Guillaume Long : Pour moi, l’histoire pose deux questions : jusqu’où peut-on aller quand on est aveuglé par l’amour, et jusqu’où peut on se perdre dans une relation fusionnelle. Pas sûr qu’on y réponde, ce sont des questions ouvertes, des pistes. En ce sens, je reste dubitatif et à l’écoute comme le gérant de l’hôtel.

Fabienne Costes : La fusion représente l’incapacité pour Simon de comprendre la différence entre son propre désir et celui d’Anne. Il est prisonnier de cette illusion, et que pour conserver cette illusion il commet la pire des violences. Il entreverra peut-être cette différence quand il sera envahi par la mémoire d’Anne, mais il ne pourra alors pas la supporter, d’où le clash. Je crois que l’amour véritable est la compréhension et l’acceptation de cette différence : l’autre reste toujours « autre ».

Sceneario.com : Comment s’est passé votre rencontre avec les éditions Casterman et votre rattachement à la collection KSTR ?

Guillaume Long : Didier Borg m’a donc contacté par mail (mais c’était un mail collectif, ha ha !) parce qu’il était intéressé par mon boulot en général et je me suis accroché comme une moule à son rocher à cette ouverture. Ca a d’ailleurs sonné pour moi la fin des questionnements graphiques puisqu’il fallait produire vite un dossier pour le convaincre (les 3 vraies premières pages de la bande dessinée, donc.). En plus, son projet était plutôt intéressant, même si je l’imaginais plus proche des livres qui sortent actuellement que de la version souple et cheap des premiers. J’ai bien fait de rendre les planches en retard finalement !

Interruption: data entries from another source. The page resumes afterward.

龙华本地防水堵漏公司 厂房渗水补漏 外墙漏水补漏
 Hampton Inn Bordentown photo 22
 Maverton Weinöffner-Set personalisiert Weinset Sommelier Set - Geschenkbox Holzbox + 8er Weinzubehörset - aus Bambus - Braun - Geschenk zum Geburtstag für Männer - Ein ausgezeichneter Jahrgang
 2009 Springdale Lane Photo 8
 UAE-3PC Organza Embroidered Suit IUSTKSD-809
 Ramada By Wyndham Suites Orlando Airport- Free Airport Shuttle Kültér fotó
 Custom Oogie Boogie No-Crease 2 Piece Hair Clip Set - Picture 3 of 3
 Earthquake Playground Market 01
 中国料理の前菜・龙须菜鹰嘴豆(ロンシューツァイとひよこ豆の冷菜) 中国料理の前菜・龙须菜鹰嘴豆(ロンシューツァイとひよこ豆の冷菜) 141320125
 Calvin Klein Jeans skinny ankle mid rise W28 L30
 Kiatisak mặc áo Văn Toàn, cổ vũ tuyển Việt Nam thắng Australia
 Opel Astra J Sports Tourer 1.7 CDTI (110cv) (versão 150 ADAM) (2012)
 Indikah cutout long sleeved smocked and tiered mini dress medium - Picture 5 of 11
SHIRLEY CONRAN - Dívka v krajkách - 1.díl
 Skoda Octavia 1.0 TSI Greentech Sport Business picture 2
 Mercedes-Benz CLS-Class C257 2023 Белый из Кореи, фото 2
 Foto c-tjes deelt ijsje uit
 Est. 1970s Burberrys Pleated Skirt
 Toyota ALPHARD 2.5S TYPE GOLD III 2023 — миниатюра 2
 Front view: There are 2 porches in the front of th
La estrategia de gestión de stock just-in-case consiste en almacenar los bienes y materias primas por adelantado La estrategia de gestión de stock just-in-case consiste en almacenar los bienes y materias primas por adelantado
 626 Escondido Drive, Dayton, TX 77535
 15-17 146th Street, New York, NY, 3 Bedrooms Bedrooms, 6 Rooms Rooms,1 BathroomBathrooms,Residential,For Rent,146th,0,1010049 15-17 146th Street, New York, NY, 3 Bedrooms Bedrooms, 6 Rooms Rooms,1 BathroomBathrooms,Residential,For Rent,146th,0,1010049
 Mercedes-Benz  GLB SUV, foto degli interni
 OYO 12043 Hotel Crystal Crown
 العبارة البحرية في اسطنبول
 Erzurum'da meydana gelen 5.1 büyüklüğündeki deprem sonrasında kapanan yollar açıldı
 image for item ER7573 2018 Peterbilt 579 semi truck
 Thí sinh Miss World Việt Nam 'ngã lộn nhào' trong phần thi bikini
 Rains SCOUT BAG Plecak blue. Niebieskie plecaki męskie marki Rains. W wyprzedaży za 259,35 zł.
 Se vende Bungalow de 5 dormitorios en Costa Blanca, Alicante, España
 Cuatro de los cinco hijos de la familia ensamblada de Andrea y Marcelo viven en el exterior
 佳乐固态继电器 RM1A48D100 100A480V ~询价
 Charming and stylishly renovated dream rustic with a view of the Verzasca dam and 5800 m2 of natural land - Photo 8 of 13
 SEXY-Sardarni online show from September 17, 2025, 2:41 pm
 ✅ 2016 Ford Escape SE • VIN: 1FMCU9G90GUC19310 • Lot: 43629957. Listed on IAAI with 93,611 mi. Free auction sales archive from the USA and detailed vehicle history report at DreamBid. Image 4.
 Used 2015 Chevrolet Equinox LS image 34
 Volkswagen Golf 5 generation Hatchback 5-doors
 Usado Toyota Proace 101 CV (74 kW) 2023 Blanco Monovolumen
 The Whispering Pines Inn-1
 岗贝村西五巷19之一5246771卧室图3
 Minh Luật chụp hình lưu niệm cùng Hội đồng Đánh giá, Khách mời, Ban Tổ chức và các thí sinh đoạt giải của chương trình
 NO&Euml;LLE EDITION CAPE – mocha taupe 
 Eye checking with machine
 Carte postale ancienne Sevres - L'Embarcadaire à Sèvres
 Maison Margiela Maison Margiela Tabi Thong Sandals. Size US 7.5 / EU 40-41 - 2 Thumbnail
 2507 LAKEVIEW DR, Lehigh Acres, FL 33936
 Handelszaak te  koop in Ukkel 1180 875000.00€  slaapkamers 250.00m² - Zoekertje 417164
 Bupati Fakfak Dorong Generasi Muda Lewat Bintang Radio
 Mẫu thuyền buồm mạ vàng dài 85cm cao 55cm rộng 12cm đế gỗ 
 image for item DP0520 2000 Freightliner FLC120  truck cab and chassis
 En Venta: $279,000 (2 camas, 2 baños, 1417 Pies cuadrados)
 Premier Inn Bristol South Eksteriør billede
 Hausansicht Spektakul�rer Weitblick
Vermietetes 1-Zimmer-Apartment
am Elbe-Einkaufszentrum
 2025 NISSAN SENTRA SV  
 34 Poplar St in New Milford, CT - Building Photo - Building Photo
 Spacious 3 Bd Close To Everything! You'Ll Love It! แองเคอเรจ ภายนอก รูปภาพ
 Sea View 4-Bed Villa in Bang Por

Sceneario.com : Quelles ont été les réactions de l’éditeur face à votre projet ?

Guillaume Long : Il m’a dit quelque chose comme « c’est complètement barré, vas-y mon gars ! » et après que des gentillesses et des encouragements. Et du soutien quand je voyais les livres qu’il éditait et qui me laissaient loin derrière, graphiquement !

Sceneario.com : Comment ressentez-vous votre introduction dans ce monde de la publication à grande échelle ?

Guillaume Long : Pour l’instant il ne se passe pas grand-chose niveau presse (je ne dis pas ça pour vous hein !) mais l’album vient de sortir. J’aimerai bien que ça marche, donc j’angoisse. Mais ça me fait ça à chaque bouquin, donc grande échelle ou pas…

Sceneario.com : Avez-vous d’autres projets, séparés ou en commun ?

Guillaume Long : Je travaille à la suite du Grand méchant huit, deuxième album de ma série jeunesse, qui va se passer dans un hôpital : Platatras !, un album avec Arnaud le Gouefflec (auteur de Vilebrequin) au scénario sur les TOC et plus tard un album avec ma femme Nancy Peña au scénario également, intitulé pour le moment "une bonne histoire". Quant à Fabienne, je lui ai dit que je recommencerai avec elle quand elle veut et que finalement elle n’est pas si chiante que ça pour le boulot, ça va !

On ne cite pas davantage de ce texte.